I wrote this about two years ago, funny interactions with my then nearly three-year-old.
…During an outing to the beach recently, my nearly three-year-old was assisting with the packing up and I noticed him collecting a bucket full of periwinkle shells. He clearly intended for the collection to be brought home and I envisioned them crushed to pieces, joining the carpeting of crumbs and what all else in my car.
I said to him, “Why do you need to take so many shells home?” And this is when he enlightened me to some profound reasoning, “I need to because I want to.” Fair enough I thought, I can’t really argue with that kind of logic. In fact I would like to give his thinking a try, here is a list of a few things that I need.
1. I need to drive us home in companionable silence without having to answer a barrage of questions about the dinosaurs (which really just reveal how surprisingly little I know about the dinosaurs… other than some ate leaves, some ate meat and then they all died and I’m not entirely sure how). I need to just stare ahead and be lost in my own thoughts as I drive, because I want to.
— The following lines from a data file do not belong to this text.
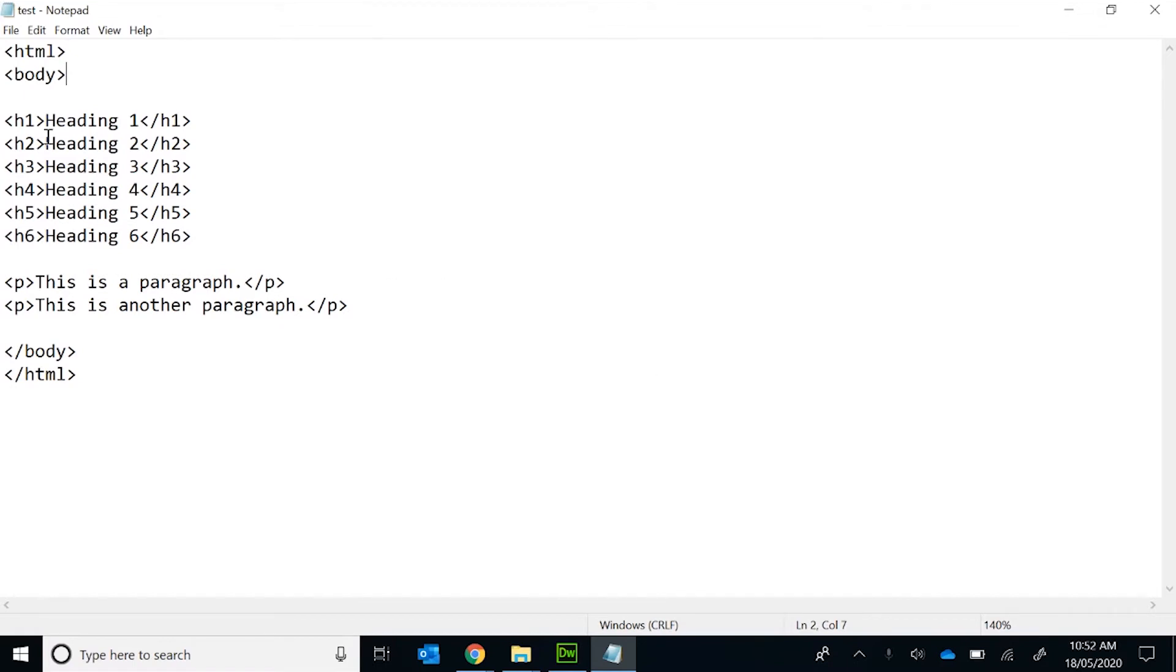Now there's a hierarchy of headings that you can have inside HTML. There's actually six, one being the biggest, six being a subheading all the way down.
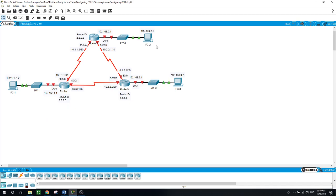You will be able to ping from PC 1 to PC 2, from PC 1 to PC 3, and from PC 3 to the other two PCs.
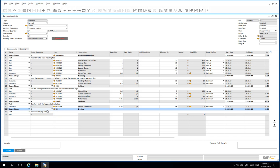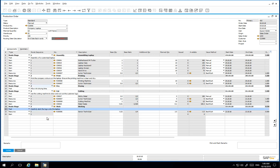We are going to change the route sequence 5 to route sequence 3. Now you can see that the drying route stage comes directly after the printing stage.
2. I need to go to Woolies and browse the winter fashion options without someone tugging on my arm or screaming at me because they are hungry. I need to take with me a handbag with nothing in it but my wallet, phone, car keys and maybe a bit of makeup. I want to, I just want to do that.
3. I need to go to the loo on my own, I need to sit there and do what I need to do and then just remain in quiet solitude for a few minutes because I want to.
4. I need to sleep an entire eight hours because I really want to.
5. I need to spend time in the morning making my hair look nice instead of fighting with someone about whether they need to wear a jacket or not. I need my hair to look nice because I want my hair to look nice.
6. I need to cut sandwiches into any shape that I choose without the fear of inciting a meltdown. I want to just cut them however I want.
I could go on, but oh dear, do you know what I realised? I want to have children and right now, while they are so little, they really really need me and they really really want me and this just happens to be in direct conflict with my list of needs.
And so I find myself sitting on the loo chatting about the dinosaurs to an audience of two more often than I would like to, but I guess I want to. I want to look back on these years one day and say, “We had a lot of fun.”